Composites and Water Absorbtion
Posted by: old_user on Feb-05-13 10:05 AM (EST)
On water absorption:
Composite boats do absorb water, but it is the resin, not the cloth that does the absorbing. This is a particular problem with polyester resin in thicker laminates--much less of a problem with the vinyl-ester resin that Wenonah uses in it's ultralight Kevlar boats.
In the sailboat industry people are aware of the problem of osmosis blisters in fiberglass hulls. These are formed when water is absorbed into the fiberglass laminate and undergoes a chemical reaction with polyester resin.

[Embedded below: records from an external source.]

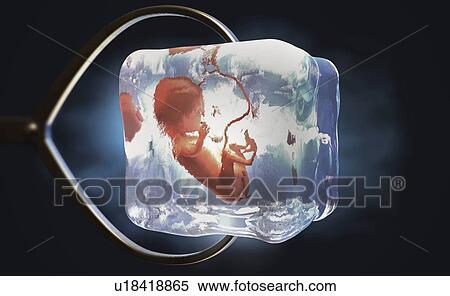 Frozen foetus, conceptual illustration View Large Photo Image Stock Photography - Frozen foetus, conceptual illustration. Fotosearch
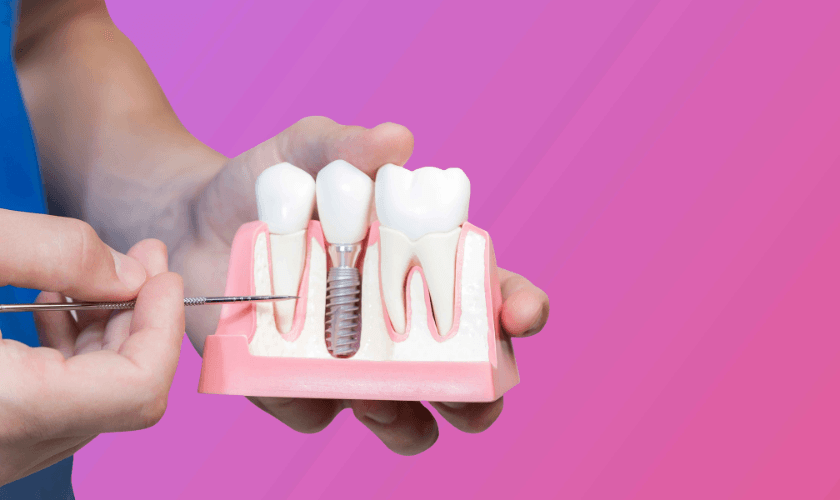 Do Dental Implants Look and Feel Like Real Teeth
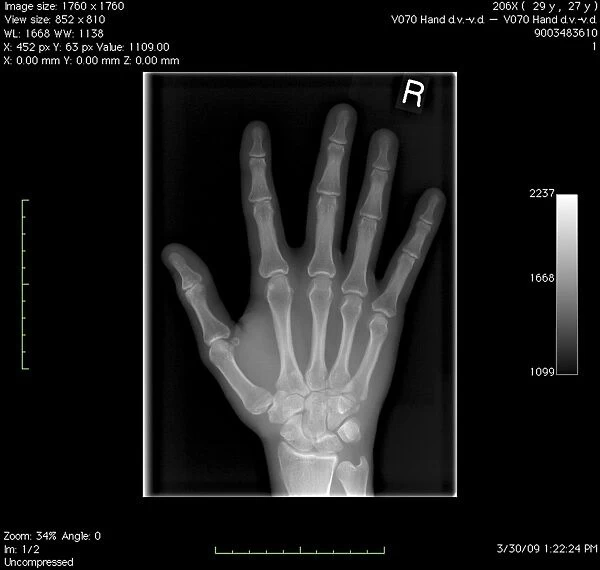 Normal hand, digital X-ray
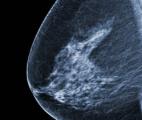 Cancer du sein : un vaccin thérapeutique donne de bons résultats 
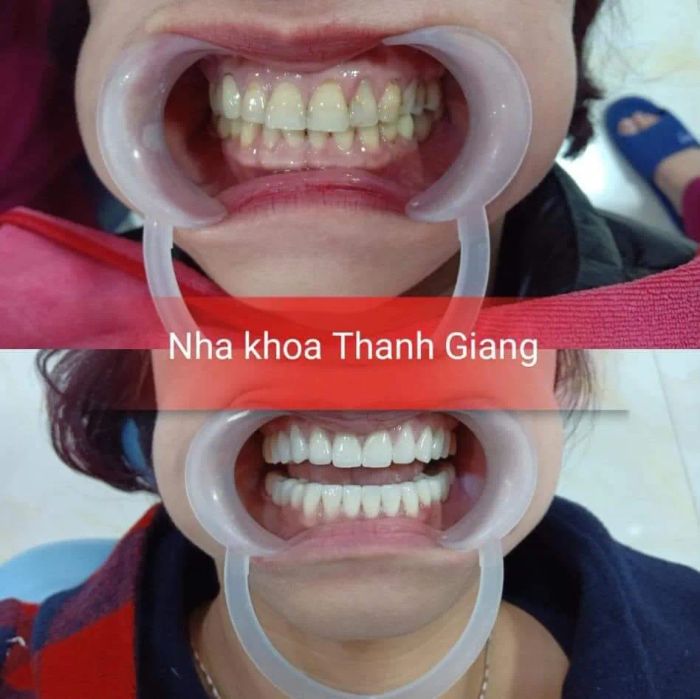 Hình ảnh NHA KHOA THÀNH GIANG - Ảnh 2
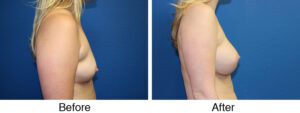 A woman with a breast augmentation and liposuction.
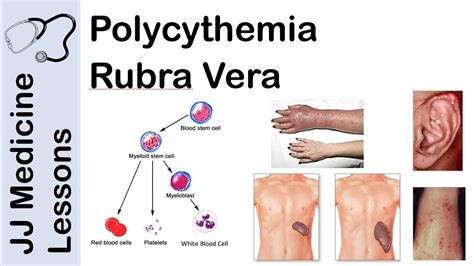 Polycythemia Vera - emsekflol.com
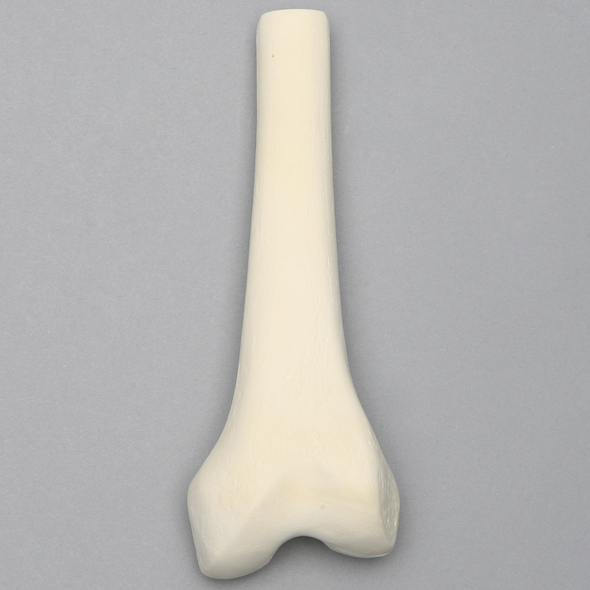 Femur, Distal with 15 mm Canal, Left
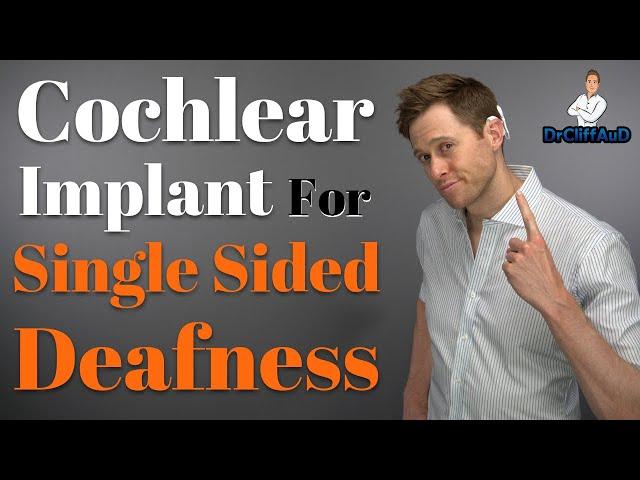 Cochlear Implants for Single Sided Deafness & Asymmetrical Hearing Loss | FDA Approval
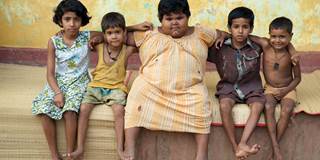Child obesity  in India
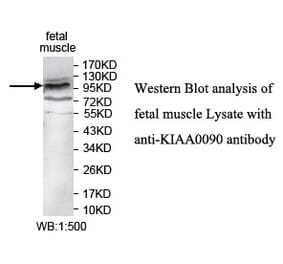 KIAA0090 Antibody from Signalway Antibody (39744) - Antibodies.com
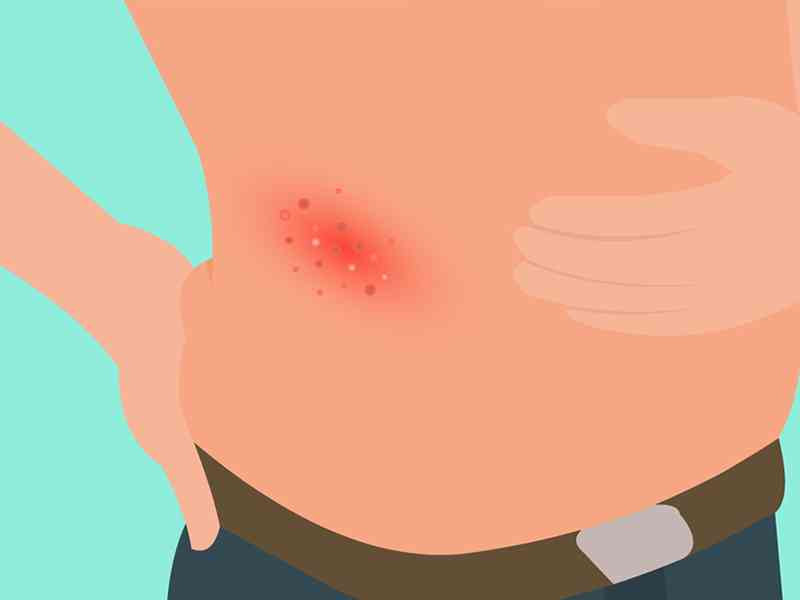 单纯孢疹病毒一般都表现为皮肤疱疹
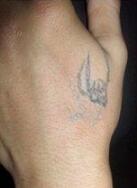 洗紋身事項(xiàng)問(wèn)與答：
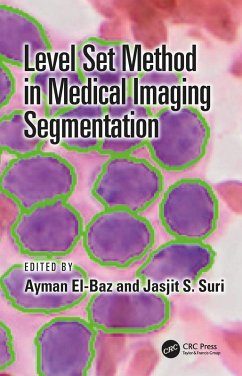 Level Set Method in Medical Imaging Segmentation (eBook, ePUB)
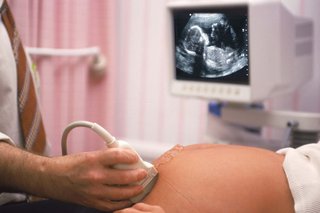 A healthcare professional holding a scanner on the tummy of a pregnant woman with white skin. An ultrasound image of a baby is visible on a screen.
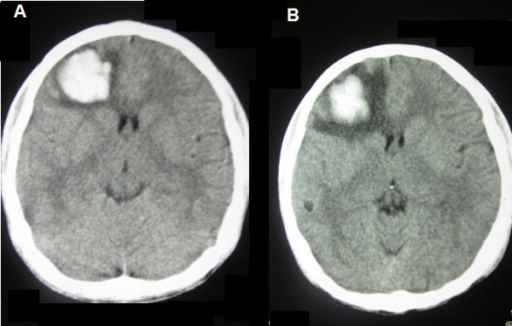 Ct Scan Kepala Indikasi Teknik Komplikasi Alomedika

Here is a link to osmosis blister information: http://www.nauticalweb.com/info/maint/osmosi_e.htm
This is not a problem with any canoe, since the boats are stored out of the water and have a chance to dry between use. But composite canoes and kayaks can theoretically absorb water.
Usually it is composite kayaks that will show a slight increase in weight with a little bit of water absorption. The enclosed hull of the kayak allows water to be trapped and absorbed in a high-humidity environment. And almost all kayaks are made with polyester resin. Storing kayaks with hatches removed allows air to circulate inside the boats and keeps water absorption to a minimum.
But--the effect is pretty minimal overall one way or the other. Certainly not something that people have to worry about.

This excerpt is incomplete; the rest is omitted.